Estonian Ministry of Foreign Affairs.
Estonian Ministry of Foreign Affairs. Source: Ken Mürk/ERR

Despite the European Parliament's aspirations, Estonia maintains there is no justification for amending EU treaties, which would consolidate power in EU institutions. Some Member States have urged for treaty amendments and the removal of foreign policy unanimity requirement in the context of a prospective EU expansion.

"The Estonian government believes the treaty should not be opened today. We must never give up the principle of unanimity, which gives the Estonian state weight and a seat at the table. I think we can also manage in the future by respecting this principle," Foreign Minister Margus Tsahkna (Eesti 200) told ERR on Thursday.

On Wednesday, a small majority in the European Parliament supported the discussion of the EU treaty revisions. Euro MEPs propose to abolish sanctions decisions' and other foreign policy decisions' unanimity requirement and expand the EU's powers in several national competences.

"We are against amending the Treaty and abolishing unanimity. We make it clear that unanimity matters," Tsahkna said.

He suggested that if the EU expands, how to make it work should be considered. He stressed that the EU enlargement and the future of the European Union should not be linked in this way.

Minister of Foreign Affairs Margus Tsahkna (Eesti 200) taking part in a panel discussion at the 2023 Lennart Meri Conference in Tallinn. Source: ICDS/Arno Mikkor

"We have to distinguish between country-by-country enlargement and a broader view of the EU change. The European Parliament, elected at the start of next summer, should discuss this issue," he added.

Jäärats: The expansion of the Union does not require the Treaty amendment

Chief for European Union Affairs at the Chancellery of the Riigikogu Klen Jäärats told ERR that even with the current treaties in place, the EU could be made more effective with new Member States.

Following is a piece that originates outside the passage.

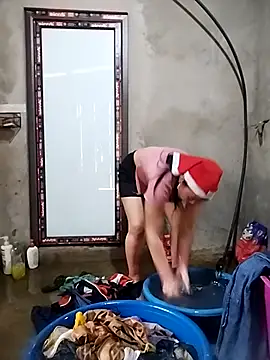 sunxbun online show from 01.13.26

"Estonia believes that in considering potential future EU enlargement, it is critical to assess the implications of membership on EU institutions, the decision-making process and policy domains, which is all very vital to adequately prepare for the new members. Meanwhile, we are also confident that the EU can accommodate new members' accession without amending the treaties," he said.

Klen Jäärats Autor/allikas: Stenbocki maja Flickr

Pakosta: Rather, no

Liisa-Ly Pakosta (Eesti 200), chair of the European Union Affairs Committee (EUAC) of the Riigikogu, said in a comment to ERR that although the committee has not formed its own position on the issue, her personal position is rather no to the opening of the treaties.

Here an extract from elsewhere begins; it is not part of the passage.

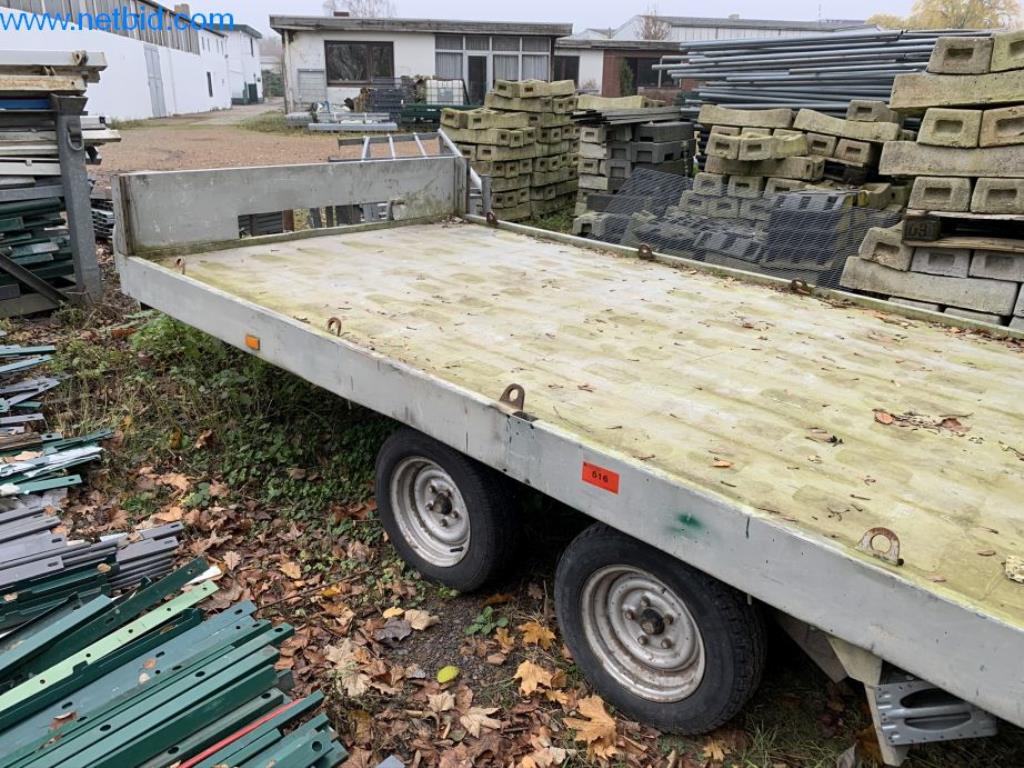 Metal working machinery-3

"Enlargement of the European Union is not affected by the current initiative, but it's like an elephant in the room – publicly and behind the scenes, there are plenty of calls to change the EU treaties before enlargement. This seems a convenient and politically correct way of saying that we are in no hurry to enlarge," she said.

"In fact, we are in a hurry to enlarge, it is clearly in Estonia's interest to enlarge the EU to Ukraine and Moldova. I want to stress that the Lisbon Treaty (the current Treaty - ed.) has been made watertight for future enlargements," she said.

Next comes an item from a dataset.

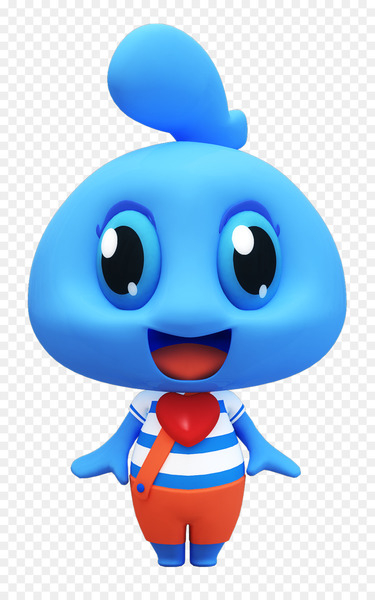 3d modeling,cartoon,mascot,3d computer graphics,zhu bajie,project,diens,japanese cartoon,information,communicatiemiddel,culture,animated cartoon,animation,toy,action figure,fictional character,baby toys,smile,png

Liisa-Ly Pakosta. Source: Priit Mürk/ERR

A strong European eastern border is Estonia's top priority, she said. "This matters greatly. Let us envision a strong eastern border of the EU, connected by a militarily powerful and assertive Ukraine and a reformed Moldova. We certainly need this [future scenario] to protect our statehood and independence," she said.

Pakosta further stressed that when the European Parliament agreed on Wednesday to establish a special convoy, it stated that Ukraine and Moldova would join.

"Any change to the treaties requires a broad popular debate, and as the Supreme Court of Estonia noted in 2012 regarding the stability mechanism of the EU, the transfer of important competences from Estonia to EU institutions requires a referendum in Estonia. The matter was not essential at the time, but looking at the present list of items, a referendum is required," Pakosta said.

"We must distinguish between Treaty changes that give one EU entity more authority and those that improve things for collaborative work. This second half of the recommendations is worth examining because working together makes many things better, cheaper and more efficient," she said.

"Overall, Estonia needs a large, in-depth public debate before anything changes. Estonia has called for the EU to prepare seriously for new Member States' accession and to do so quickly in accordance with its Treaties," Pakosta summed up her position.

Estonian MEPs: Madisson rules it out, while Mikser and Ansip would discuss individual issues

Jaak Madison (EKRE), an Estonian MEP, strongly opposes altering the treaties and giving the EU more power, whereas MEPs Andrus Ansip (Reform) and Sven Mikser (SDE) would discuss some adjustments but agreed that the treaties do not need to be amended.

Madison (EKRE) told Vikerraadio that the European Parliament's Wednesday decision must go down the drain as its proponents see problem-solving as a matter of giving the European Commission, Parliament, Brussels more power.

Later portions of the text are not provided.